[Extracted information]
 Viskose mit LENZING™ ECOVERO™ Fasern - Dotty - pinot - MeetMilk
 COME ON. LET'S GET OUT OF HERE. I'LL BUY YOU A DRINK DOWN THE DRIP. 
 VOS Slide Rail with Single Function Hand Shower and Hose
[/Extracted information]
[Extracted information]
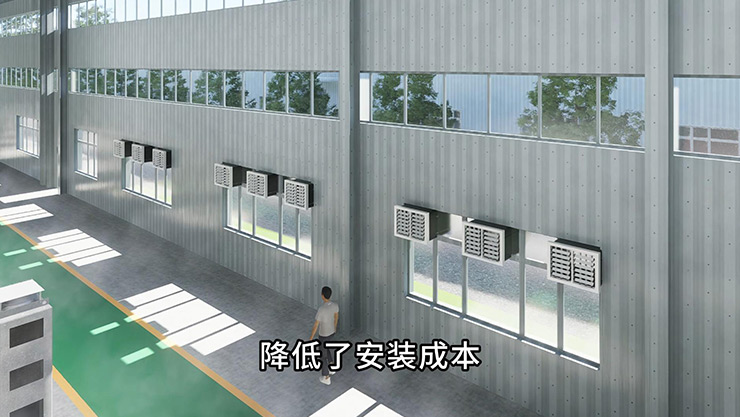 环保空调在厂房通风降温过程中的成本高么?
[/Extracted information]
__Assigned task__. In the entries above, find the line with "Viskose mit LENZING™" and the line with "VOS Slide Rail", then set down exactly those two and every line between them, nothing else.

__Result__.
 Viskose mit LENZING™ ECOVERO™ Fasern - Dotty - pinot - MeetMilk
 COME ON. LET'S GET OUT OF HERE. I'LL BUY YOU A DRINK DOWN THE DRIP. 
 VOS Slide Rail with Single Function Hand Shower and Hose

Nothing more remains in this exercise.